Science Fair Project Encyclopedia
FTL Games (Faster Than Light) was the video game development division of Software Heaven Inc. . FTL created several popular video games in the 1980s and early 1990s. Despite the company's small size, FTL products were consistently number-one sellers and received the highest critical acclaim and industry awards.
FTL was founded by Wayne Holder in 1982. Holder started Software Heaven and FTL as its game division after founding Oasis Systems which specialized in spell checking software. He hired Bruce Webster , with whom he graduated from high school in 1971, to head FTL.
FTL released several games throughout its relatively short history. Surprisingly, most went on to become best sellers and some even set new standards for games of their genres.
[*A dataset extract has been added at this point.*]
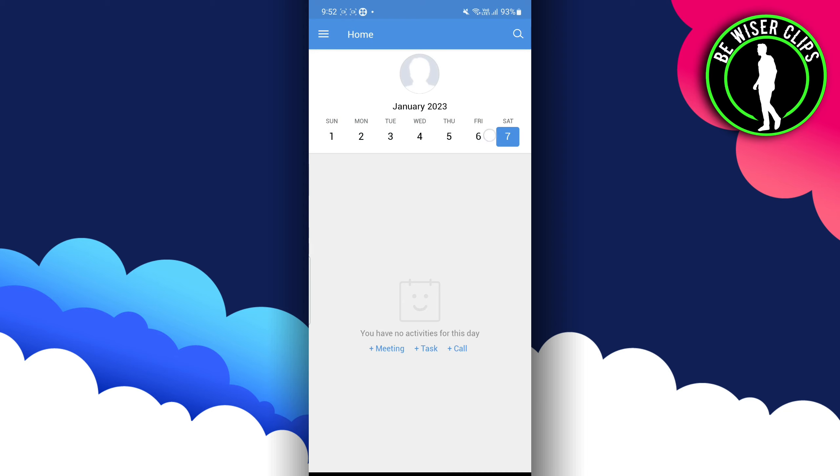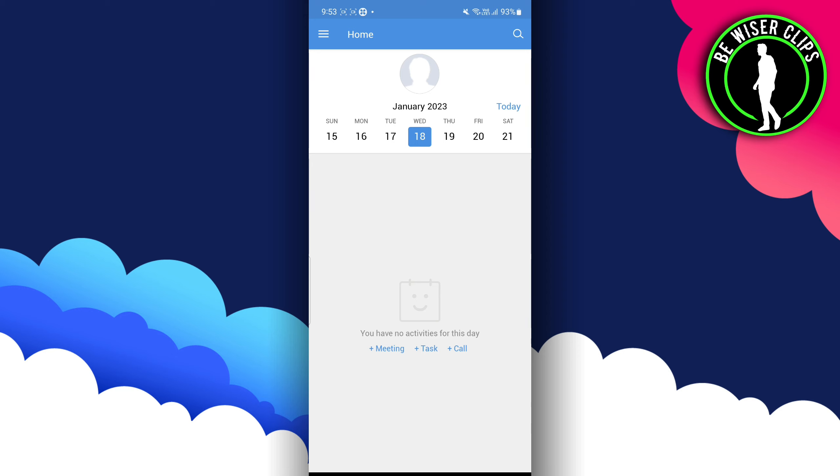Over here, and after that you have to choose a date in which you have to set a meeting. Like, I want to do it for the 18th. After that, you can see over here that there is a plus option.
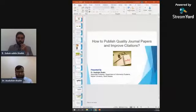Assalamualaikum. I hope I'm clear — you can hear me, right? Yes, I can hear you. Thank you very much for your nice introduction. I hope my screen is shared and you can see the slides on screen.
Holder and Webster co-designed FTL's first game, SunDog: Frozen Legacy, a space trading game. It was released first for the Apple II in March 1984. Webster did most of the programming for the Apple II version, but resigned from FTL after the release of version 2.0 due to programming burn-out. Doug Bell, Andy Jaros and Mike Newton ported the game to the Atari ST, releasing it in 1986. SunDog became that system's best selling software for that year, and garnered lavish critical acclaim.
Oids , an arcade game, was one of FTL's minor releases. It received little attention with a later conversion to the Apple Macintosh, however the original Atari ST release received rave reviews in the UK, where it remains a cult favourite.
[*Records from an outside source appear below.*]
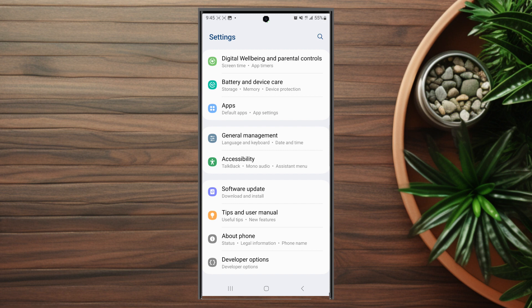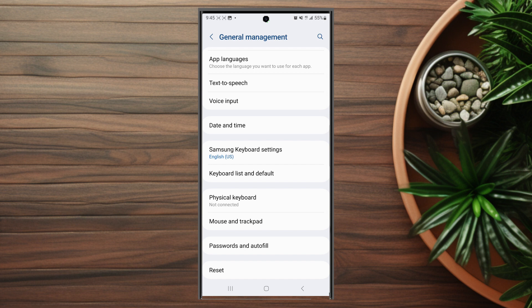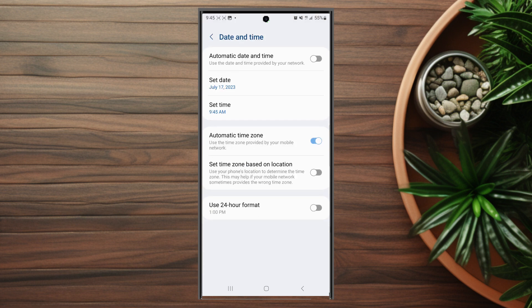Hit General Management and then from there scroll down and look for Date and Time, which is usually below Voice Input. After you hit Date and Time, scroll all the way to the bottom and look for 24-Hour Time Format.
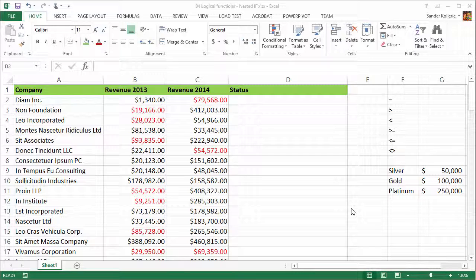In the previous video we looked at if statements. An if statement gives you a return value of true or false — is the logical test true or false? Sometimes you don't have a simple true or false answer; you have a true, or two, or false, or two, or false answer, and that sounds a little strange, but we're going to get to it.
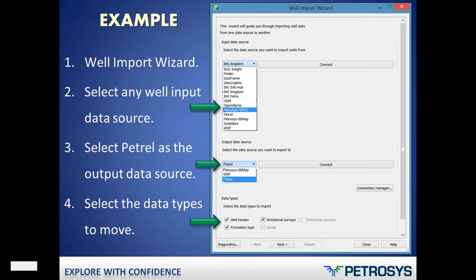This is what the well import wizard dialogue looks like broadly in version 17.5 of Petrasus. For the user running the well import, they first go ahead and select their input data source — this is a wide range of third party and Petrasus data sources, so you might choose to move data from Paradigm, ODM, GeoFrame, Dug Insight, or Sizeware. You would then select the Petrel project you want to write to as the output data source, and then select the data types you'd like to move. For Petrel in 17.5, well header, formation top zones and picks, and directional surveys are supported.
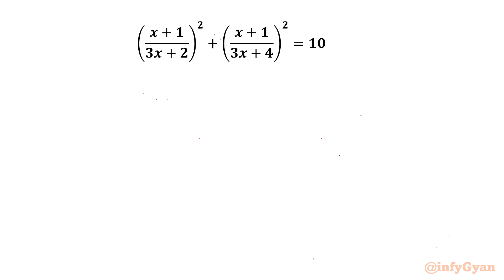Welcome back to Infigyan, my dear friends. In this video we will be solving one very interesting question from rational equations.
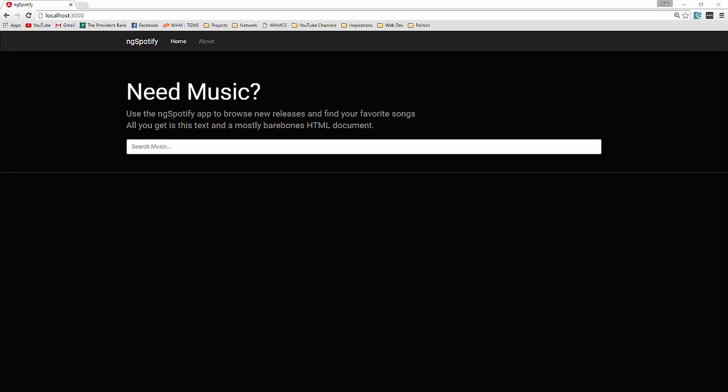Alright, so let's take a look at what we'll be building. Now the front end we're using Bootstrap but we're using a customized version of it from Boot Swatch.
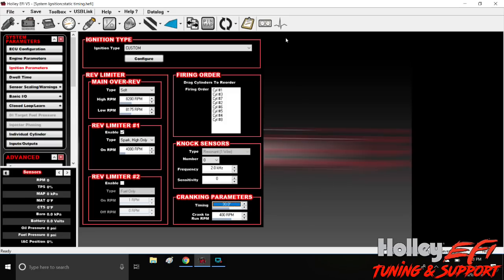This video covers doing a static timing check at a couple different places even before you start the car, how to go about it, and how to confirm what you've got going on before you even fire up your car.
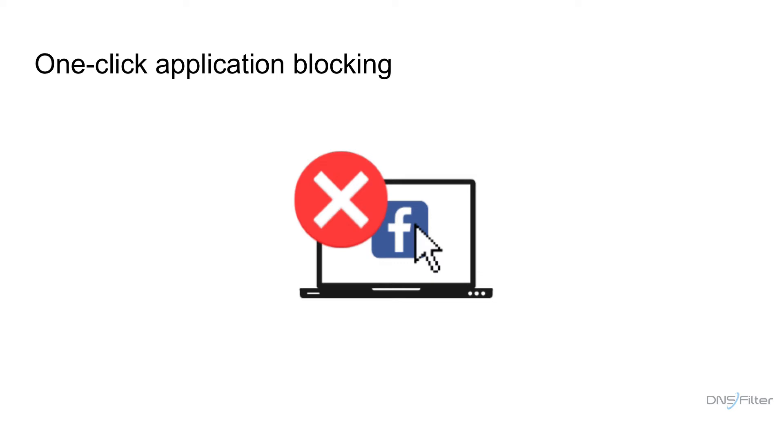In this video, I'll be demonstrating how to block remote access apps using AppAware. AppAware is DNS Filter's one-click application blocking feature.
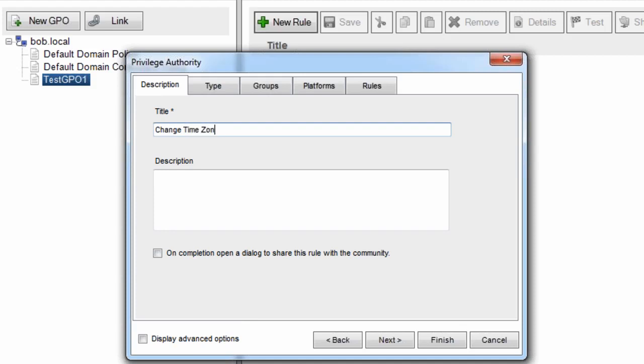So I'm just going to give it a name, change the time zone, and I can give it a description so it's easier when I have a lot of rules to see what it's going to do. Allow laptop users.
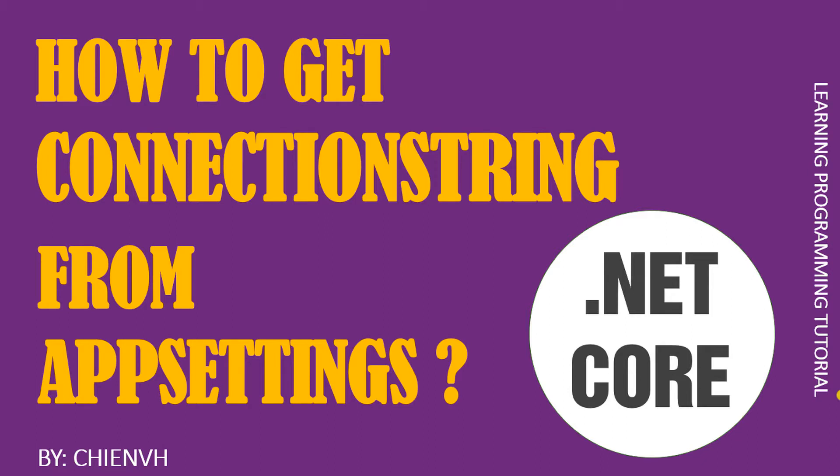Hi! In this video today, I will show you how to get the connection string from appsettings.json when you are working with .NET Core. Okay, so now let's get started.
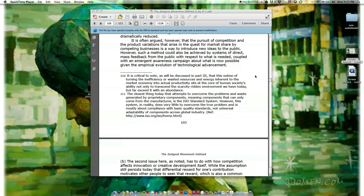It is often argued that the pursuit of competition and the product variations arising in the quest for market share is a way to introduce new ideas to the public. However, such a method could also be achieved by systems of direct mass feedback from the public with respect to what is needed, coupled with an emergent awareness campaign about what is now possible given the empirical evolution of technological advancement.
It was however eclipsed by the release of FTL's next game.
Dungeon Master, a fantasy role-playing game, the first to feature real-time gameplay. The game included a number of user interface features that made gameplay particularily enjoyable, from a spell system that seemed to be "logical" to the way secret doors and traps would be barely visible unless one had certain character races in the team. It was released on the ST in 1987 and went on to become the ST's best selling product of all time. It was eventually ported to over a dozen platforms in six languages.
It received too many awards to list here, but it received the first ever Special Award for Artistic Achievement from Computer Gaming World when it was initially released.
Chaos Strikes Back
A Dungeon Master sequel, Chaos Strikes Back, was released in 1989 for most platforms, but notably excluding a PC version. It uses the same engine as Dungeon Master but features new creatures and graphics.
Dungeon Master II
Dungeon Master II: The Legend of Skullkeep was the best-selling game of the week when it was released in Japan in December 1993. For some reason it took two years before it was released in the US and Europe in 1995 by Interplay Productions. While the game had been anxiously awaited by legions of Dungeon Master players, by 1995 it was rather dated and sold poorly. FTL broke up about this time.